93. That the plaintiff respectfully submits that it had blocked resources, deployed capital for these specific transactions and therefore the inordinate delay on the part of the defendant in getting the product registered unnecessarily delayed the project and the Clearing Agent wrote several emails stating this position and that the demurrage charges are increasing and cumulating day by day.

94. That the plaintiff herein has a right, title and interest in respect of such payment towards the goods and ought to be paid for services rendered. Due to such acts of blackmail and attempts to bring disrepute to the plaintiff, the business of the plaintiff has suffered immensely and therefore, irreparable injury is caused to the plaintiff, for which the plaintiff can only be compensated in terms of money."

4.1 A perusal of the averments made therein would show that there is only a reference to the termination of the proceedings before the ACMM which, as noticed hereinabove, were terminated vide order dated 24.03.2007. The gravamen of the action is discerned, in actuality, on a perusal of the averments contained in paragraph 92 of the plaint.

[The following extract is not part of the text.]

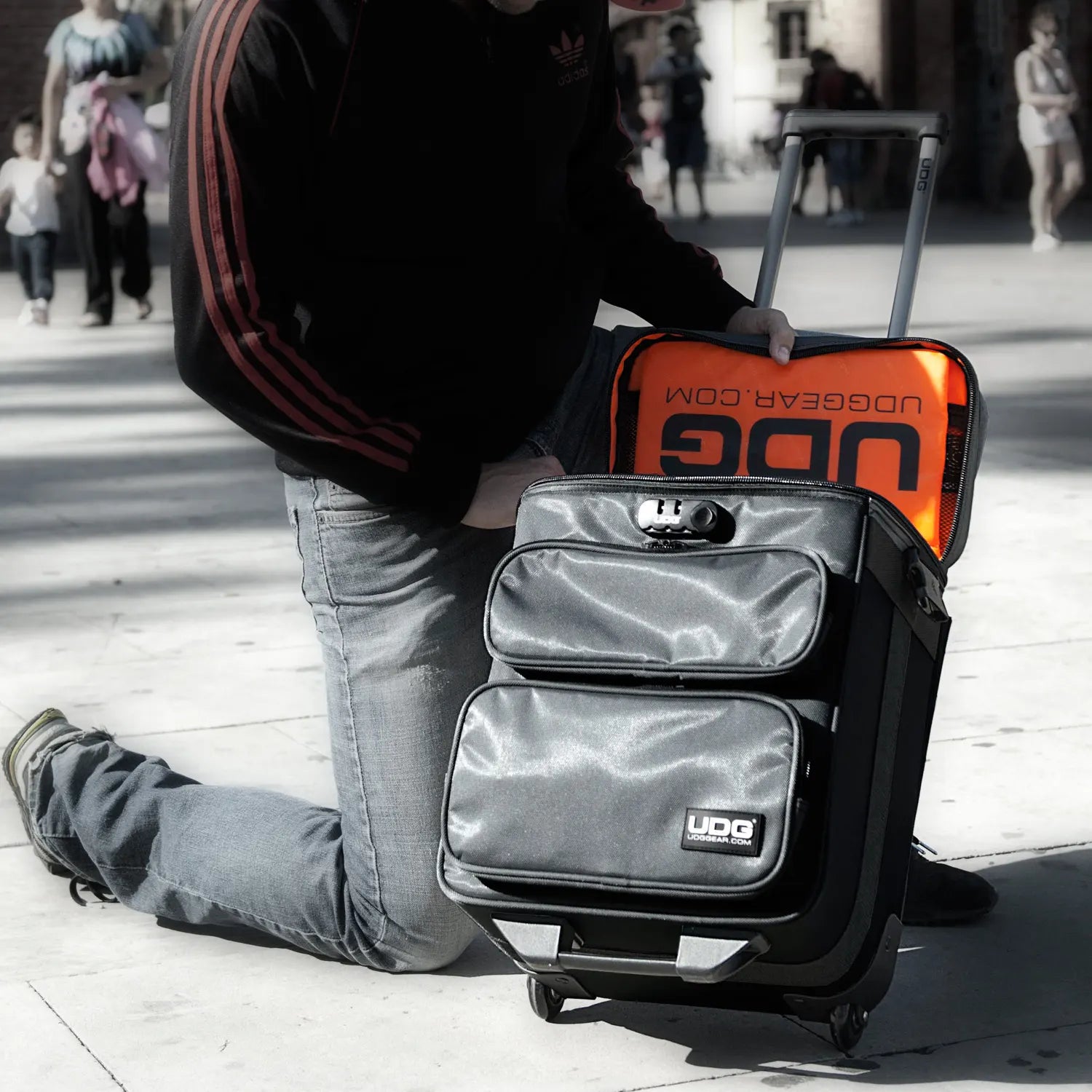 udg-ultimate-digi-trolley-to-go-black-orange-inside-dj-trolley image 2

A perusal of the averments shows that the appellant (i.e., the original plaintiff) was evidently aggrieved on account of the defamatory allegations contained in the complaint filed before the ACMM. As observed hereinabove, there is no averment to the effect that a criminal prosecution, of the plaintiff, was set in motion with malice with a view to cause a damage to the appellant.

4.2. As a matter of fact, the averments made in paragraph 96, which pertain to cause of action, only advert to the date on which the proceedings before the ACMM were terminated. The relevant averments made therein are quoted hereinafter :-

"...The cause of action further arose on 24.03.2007 when the false and baseless complaint filed by the defendant was

dismissed by the Ld. ACMM...."

4.3. These averments would show that the action is pivoted on the complaint filed before the ACMM once again; though a feeble attempt is made to seek extension of limitation based on the date of its dismissal. 4.4 In view of these averments, according to us, there was, as a matter of fact, no occasion to refer to Article 74 as this is not an action based on malicious prosecution. Similarly, in our view, Article 79 which speaks of an action for compensation vis-à-vis "illegal, irregular or excessive distress"; would also have no application in the absence of relevant pleadings in that regard. What can be said, at the highest, in favour of the appellant, is that, the action is based on defamatory material contained in the complaint, and if that be so, then the relevant article is Article 75, which reads as follows :-

     No. Description of Suit             Period         of Time         from
                                         Limitation        which      period
                                                           begins to run
     75     For compensation for libel   One year          When the libel
                                                           is published

5. The net result of the aforesaid discussion would be that the limitation would have to be calculated from the date on which the complaint was filed. As indicated above, it is not disputed that the complaint was filed on 26.03.2006. Thus, the limitation for filing the present suit would expire on 25.03.2007. The suit admittedly was instituted on a date, way beyond the period of limitation, which is,

09.10.2007.

6. There is another facet of the matter which we would like to refer to, which is, as to whether Article 74 would at all get attracted in the instant case. The order on the basis of which the appellant seeks to sustain the institution of the suit is the order of ACMM dated 24.03.2007, which reads as follows :-

"24.03.2007 Present: AR of the complainant IO SI N.R. Lamba

I have gone through the preliminary investigation report of the investigating officer. I have also gone through the various documents placed before me including the details regarding civil proceedings and the orders of the Hon'ble Delhi High Court. Despite an opportunity, the counsel for the complainant has not filed any protest to the preliminary report. I am satisfied by he preliminary investigation report and I do not find sufficient material to proceed with the complaint which is hereby dismissed. File be consigned to Record Room."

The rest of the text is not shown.